The standard Box--Cox transformation is: \[ Y_i^{(\lambda)} = \begin{cases} \dfrac{Y_i^{\lambda} - 1}{\lambda}, & \lambda \neq 0,\\[8pt] \log(Y_i), & \lambda = 0. \end{cases} \]

The inverse transformation is: \[ Y_i = \begin{cases} \exp\!\left(\dfrac{\log(1+\lambda Y_i^{(\lambda)})}{\lambda}\right), & \lambda \neq 0,\\[10pt] \exp\!\left(Y_i^{(\lambda)}\right), & \lambda = 0. \end{cases} \] For a transformation \(Z = g(Y)\), the density of \(Z\) is given by the change-of-variable formula: \[ f_Z(z) = f_Y\!\left(g^{-1}(z)\right) \left| \frac{d g^{-1}(z)}{dz} \right|. \]

For the Box--Cox transformation: \[ \frac{dz}{dy} = y^{\lambda - 1}, \] and therefore the Jacobian determinant for \(n\) observations is: \[ J(\lambda) = \prod_{i=1}^n y_i^{\lambda - 1}. \] Assuming independent, normally distributed residuals after transformation, the log-likelihood of the linear model becomes: \[ \log \mathcal{L} = -\frac{n}{2}\log(2\pi) - n\log\sigma -\frac{1}{2\sigma^2} \sum_{i=1}^{n} \left[ Y_i^{(\lambda)} - (\beta_0 + \beta X_i) \right]^2 + (\lambda - 1)\sum_{i=1}^{n} \log Y_i. \] Starting from the full log-likelihood of the Box--Cox transformation:

\[ \log \mathcal{L} = -\frac{n}{2}\log(2\pi) - n\log\sigma -\frac{1}{2\sigma^2}\sum_{i=1}^{n}\left[Y_i^{(\lambda)} - (\beta_0 + \beta X_i)\right]^2 + (\lambda - 1)\sum_{i=1}^{n}\log Y_i. \]

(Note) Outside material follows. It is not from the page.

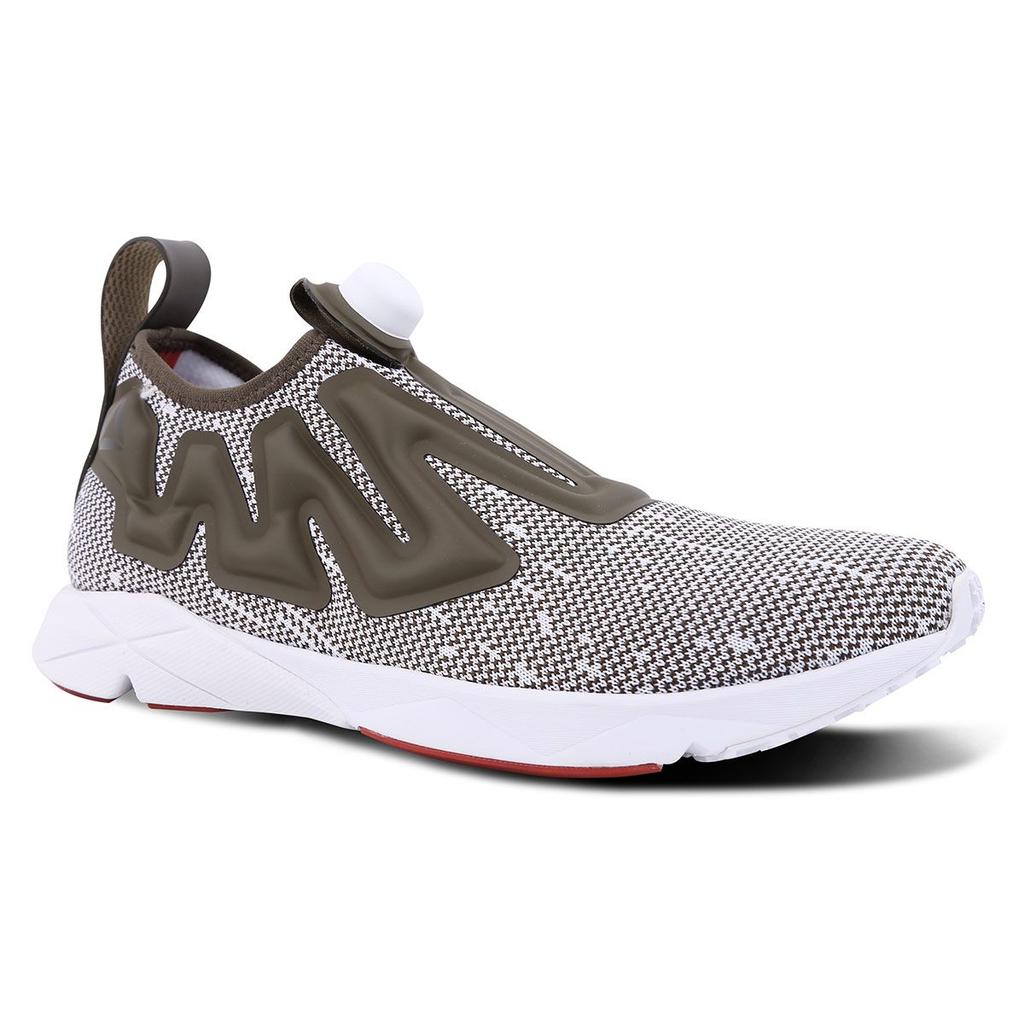 Reebok Pump Supreme Fabric Synthetic Leather Breathable Durable Lightweight Low-Top Running Shoes Unisex Sneaker Gray CN1689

When optimizing over \(\lambda\), the first two terms are constants (independent of \(\lambda\)), so we can omit them when forming the profile log-likelihood.


Step 1. Replace \(\sigma^2\) by its MLE

For a fixed \(\lambda\), the MLE for \(\sigma^2\) (can be easily obtained using \(\frac{\partial \log \mathcal{L}}{\partial \sigma}=0\)) is

\[ \hat{\sigma}^2_\lambda = \frac{1}{n}\sum_{i=1}^n \left[Y_i^{(\lambda)} - (\hat{\beta}_0 + \hat{\beta} X_i)\right]^2. \]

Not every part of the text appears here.